Abstract Assembling monolayers between ITO electrode and the overlying organic layers is an important way to obtain high-performance organic light-emitting diodes (OLEDs). Herein, self-assembling monolayers (SAMs) based on pentafluorobenzylphosphonic acid (F5BPA) and heneicosafluorododecylphosphonic acid (HF21DPA) were formed on ITO surfaces. The work function of ITO was elevated from 4.82 eV to 5.20 eV and 5.81 eV by introduction of F5BPA and HF21DPA, respectively, which could facilitate hole transport into the device, and therefore improve charge balance in OLEDs. In addition, the water contact angles of ITO also increased from 46.45° to 87.09° and 110.6°, respectively, which could contribute to better-matched interfacial surface energy, and prevent the interface incompatibility.
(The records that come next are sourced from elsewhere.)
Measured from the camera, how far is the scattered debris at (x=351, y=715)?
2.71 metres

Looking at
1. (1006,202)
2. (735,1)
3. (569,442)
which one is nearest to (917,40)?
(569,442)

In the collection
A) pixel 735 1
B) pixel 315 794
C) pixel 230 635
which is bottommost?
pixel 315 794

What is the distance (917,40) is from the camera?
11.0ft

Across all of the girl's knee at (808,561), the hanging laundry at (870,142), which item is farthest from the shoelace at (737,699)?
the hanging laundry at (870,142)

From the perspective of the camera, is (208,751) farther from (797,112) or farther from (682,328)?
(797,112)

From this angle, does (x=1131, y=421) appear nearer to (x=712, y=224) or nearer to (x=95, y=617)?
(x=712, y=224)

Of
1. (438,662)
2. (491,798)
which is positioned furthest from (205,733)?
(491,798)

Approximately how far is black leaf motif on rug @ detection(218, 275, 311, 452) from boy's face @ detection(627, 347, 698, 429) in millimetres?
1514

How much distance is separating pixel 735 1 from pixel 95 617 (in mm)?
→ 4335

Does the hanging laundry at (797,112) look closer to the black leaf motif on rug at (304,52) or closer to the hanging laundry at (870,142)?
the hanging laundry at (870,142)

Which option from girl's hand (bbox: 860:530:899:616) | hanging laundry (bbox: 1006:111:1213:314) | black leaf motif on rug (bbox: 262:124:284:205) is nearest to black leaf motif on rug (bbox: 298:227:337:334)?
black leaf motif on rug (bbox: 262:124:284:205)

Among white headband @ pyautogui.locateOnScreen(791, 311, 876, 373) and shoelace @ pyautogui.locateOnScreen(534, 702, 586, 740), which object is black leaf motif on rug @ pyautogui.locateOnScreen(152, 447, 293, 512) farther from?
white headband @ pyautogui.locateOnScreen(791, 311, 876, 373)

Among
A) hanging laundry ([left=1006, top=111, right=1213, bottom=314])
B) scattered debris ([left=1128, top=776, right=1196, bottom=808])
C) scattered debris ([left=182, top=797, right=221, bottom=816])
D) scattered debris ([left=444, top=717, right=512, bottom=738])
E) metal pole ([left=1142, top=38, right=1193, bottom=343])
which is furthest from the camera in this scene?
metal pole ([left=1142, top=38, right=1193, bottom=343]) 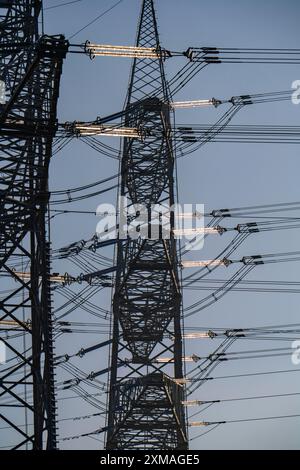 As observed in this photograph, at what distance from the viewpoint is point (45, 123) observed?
1997 centimetres

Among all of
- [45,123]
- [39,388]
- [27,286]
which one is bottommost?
[39,388]

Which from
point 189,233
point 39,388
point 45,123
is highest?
point 189,233

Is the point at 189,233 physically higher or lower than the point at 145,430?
higher

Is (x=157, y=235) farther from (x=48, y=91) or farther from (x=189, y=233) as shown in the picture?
(x=48, y=91)

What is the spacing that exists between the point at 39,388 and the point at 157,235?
12.9m

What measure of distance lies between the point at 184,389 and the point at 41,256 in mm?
13650

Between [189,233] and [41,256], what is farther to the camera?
[189,233] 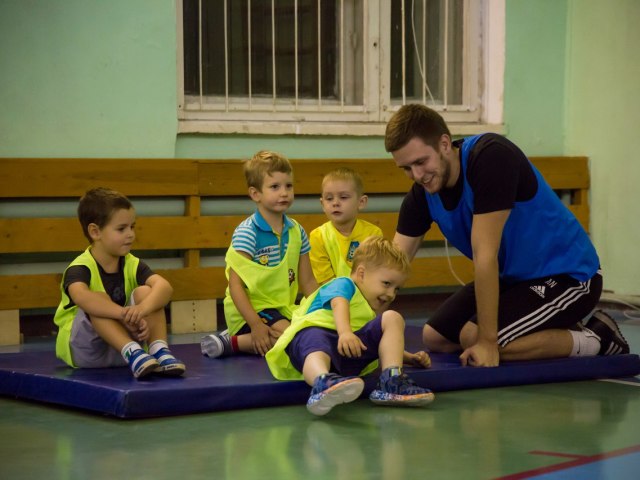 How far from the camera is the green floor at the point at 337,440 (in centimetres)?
271

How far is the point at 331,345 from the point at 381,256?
13.8 inches

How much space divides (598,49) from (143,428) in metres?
4.53

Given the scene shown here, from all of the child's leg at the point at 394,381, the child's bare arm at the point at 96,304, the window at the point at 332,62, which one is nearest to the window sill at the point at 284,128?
the window at the point at 332,62

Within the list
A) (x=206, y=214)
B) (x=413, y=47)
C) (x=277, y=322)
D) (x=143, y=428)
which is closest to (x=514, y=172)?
(x=277, y=322)

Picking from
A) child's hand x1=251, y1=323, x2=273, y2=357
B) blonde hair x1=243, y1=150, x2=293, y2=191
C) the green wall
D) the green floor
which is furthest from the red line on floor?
the green wall

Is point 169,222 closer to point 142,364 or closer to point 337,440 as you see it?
point 142,364

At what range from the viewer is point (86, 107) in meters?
5.61

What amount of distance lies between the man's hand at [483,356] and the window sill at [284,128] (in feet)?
8.24

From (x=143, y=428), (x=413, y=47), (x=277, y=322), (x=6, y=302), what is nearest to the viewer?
(x=143, y=428)

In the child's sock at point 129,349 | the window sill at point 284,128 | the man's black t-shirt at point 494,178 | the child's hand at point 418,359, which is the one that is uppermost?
the window sill at point 284,128

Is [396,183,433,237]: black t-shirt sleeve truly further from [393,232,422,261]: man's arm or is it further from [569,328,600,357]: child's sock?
[569,328,600,357]: child's sock

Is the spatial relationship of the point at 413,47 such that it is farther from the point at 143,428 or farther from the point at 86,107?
the point at 143,428

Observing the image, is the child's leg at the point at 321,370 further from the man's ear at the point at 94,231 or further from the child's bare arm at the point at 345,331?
the man's ear at the point at 94,231

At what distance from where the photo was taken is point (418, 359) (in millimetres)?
3855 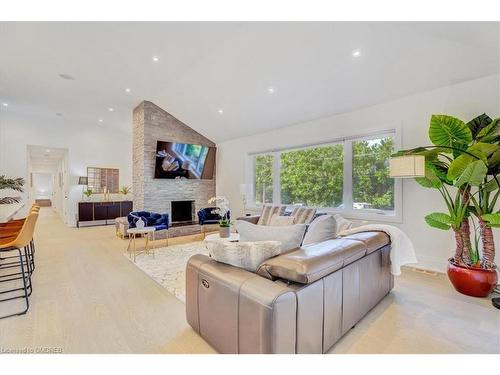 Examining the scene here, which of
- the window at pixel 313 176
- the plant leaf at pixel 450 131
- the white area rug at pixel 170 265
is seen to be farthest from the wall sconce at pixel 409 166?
the white area rug at pixel 170 265

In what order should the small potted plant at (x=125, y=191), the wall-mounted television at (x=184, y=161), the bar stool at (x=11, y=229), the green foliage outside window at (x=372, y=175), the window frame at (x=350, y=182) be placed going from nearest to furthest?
the bar stool at (x=11, y=229)
the window frame at (x=350, y=182)
the green foliage outside window at (x=372, y=175)
the wall-mounted television at (x=184, y=161)
the small potted plant at (x=125, y=191)

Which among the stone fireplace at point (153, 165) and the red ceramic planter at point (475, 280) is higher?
the stone fireplace at point (153, 165)

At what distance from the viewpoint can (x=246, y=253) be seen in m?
1.79

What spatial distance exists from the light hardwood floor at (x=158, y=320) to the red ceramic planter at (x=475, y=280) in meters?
0.09

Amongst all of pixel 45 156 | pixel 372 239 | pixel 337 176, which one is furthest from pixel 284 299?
pixel 45 156

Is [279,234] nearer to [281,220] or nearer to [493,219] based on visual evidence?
[493,219]

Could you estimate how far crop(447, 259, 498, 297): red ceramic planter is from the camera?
2.69 m

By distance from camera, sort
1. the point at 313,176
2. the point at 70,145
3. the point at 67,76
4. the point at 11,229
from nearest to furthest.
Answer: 1. the point at 11,229
2. the point at 67,76
3. the point at 313,176
4. the point at 70,145

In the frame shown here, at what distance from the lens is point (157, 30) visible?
3.43m

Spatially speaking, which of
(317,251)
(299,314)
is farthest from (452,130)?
(299,314)

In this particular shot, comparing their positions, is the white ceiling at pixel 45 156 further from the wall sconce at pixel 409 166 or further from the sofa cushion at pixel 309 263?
the wall sconce at pixel 409 166

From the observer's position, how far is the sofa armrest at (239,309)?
4.49 ft

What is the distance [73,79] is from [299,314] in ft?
19.9

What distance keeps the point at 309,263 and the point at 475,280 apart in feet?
8.20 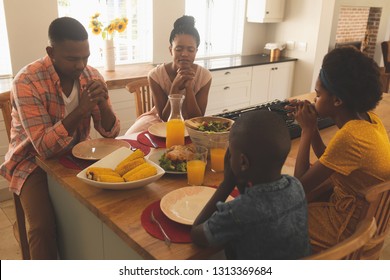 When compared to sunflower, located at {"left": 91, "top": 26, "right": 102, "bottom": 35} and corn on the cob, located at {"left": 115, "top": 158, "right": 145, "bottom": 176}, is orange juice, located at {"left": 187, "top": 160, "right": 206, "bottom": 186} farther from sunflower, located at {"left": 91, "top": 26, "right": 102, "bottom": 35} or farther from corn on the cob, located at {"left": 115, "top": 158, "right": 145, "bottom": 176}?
sunflower, located at {"left": 91, "top": 26, "right": 102, "bottom": 35}

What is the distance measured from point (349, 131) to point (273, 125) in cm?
46

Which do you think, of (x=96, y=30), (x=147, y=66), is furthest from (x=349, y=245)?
(x=147, y=66)

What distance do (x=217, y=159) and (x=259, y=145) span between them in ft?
1.72

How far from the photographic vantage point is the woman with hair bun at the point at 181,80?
83.8 inches

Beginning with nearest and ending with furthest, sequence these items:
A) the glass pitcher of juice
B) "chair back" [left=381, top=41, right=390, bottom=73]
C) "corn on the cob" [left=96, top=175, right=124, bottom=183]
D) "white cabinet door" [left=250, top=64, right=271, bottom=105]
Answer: "corn on the cob" [left=96, top=175, right=124, bottom=183] → the glass pitcher of juice → "white cabinet door" [left=250, top=64, right=271, bottom=105] → "chair back" [left=381, top=41, right=390, bottom=73]

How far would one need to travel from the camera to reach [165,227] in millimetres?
1056

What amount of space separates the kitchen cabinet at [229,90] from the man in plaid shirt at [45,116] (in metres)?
2.34

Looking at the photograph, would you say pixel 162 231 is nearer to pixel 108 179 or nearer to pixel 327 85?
pixel 108 179

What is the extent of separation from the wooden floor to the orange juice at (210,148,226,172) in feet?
4.68

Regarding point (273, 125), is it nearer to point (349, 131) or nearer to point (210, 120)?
point (349, 131)

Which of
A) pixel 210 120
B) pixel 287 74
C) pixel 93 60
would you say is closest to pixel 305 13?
pixel 287 74

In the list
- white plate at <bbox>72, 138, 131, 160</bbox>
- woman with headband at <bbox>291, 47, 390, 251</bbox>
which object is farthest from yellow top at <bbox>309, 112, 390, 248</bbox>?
white plate at <bbox>72, 138, 131, 160</bbox>

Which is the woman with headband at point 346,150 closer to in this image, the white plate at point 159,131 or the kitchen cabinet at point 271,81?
the white plate at point 159,131

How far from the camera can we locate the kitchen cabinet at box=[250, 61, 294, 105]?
4.36 m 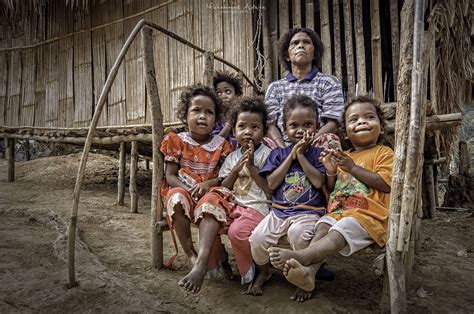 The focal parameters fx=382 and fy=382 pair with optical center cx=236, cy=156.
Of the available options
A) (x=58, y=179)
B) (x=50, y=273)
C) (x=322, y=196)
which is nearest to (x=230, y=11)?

The surface properties of ITO after modification were also studied by using X-ray photoelectron spectroscopy, atomic force microscope and UV–visible spectra measurements. Besides, compared with the OLEDs using bare ITO anodes, the SAM-modified devices showed improved brightness (29245.49 cd/m2), higher luminous efficiency (6.09 cd/A), and smaller turn-on voltage (2.8 V). This promising approach provides a simple route for the fabrication of highly efficient OLEDs.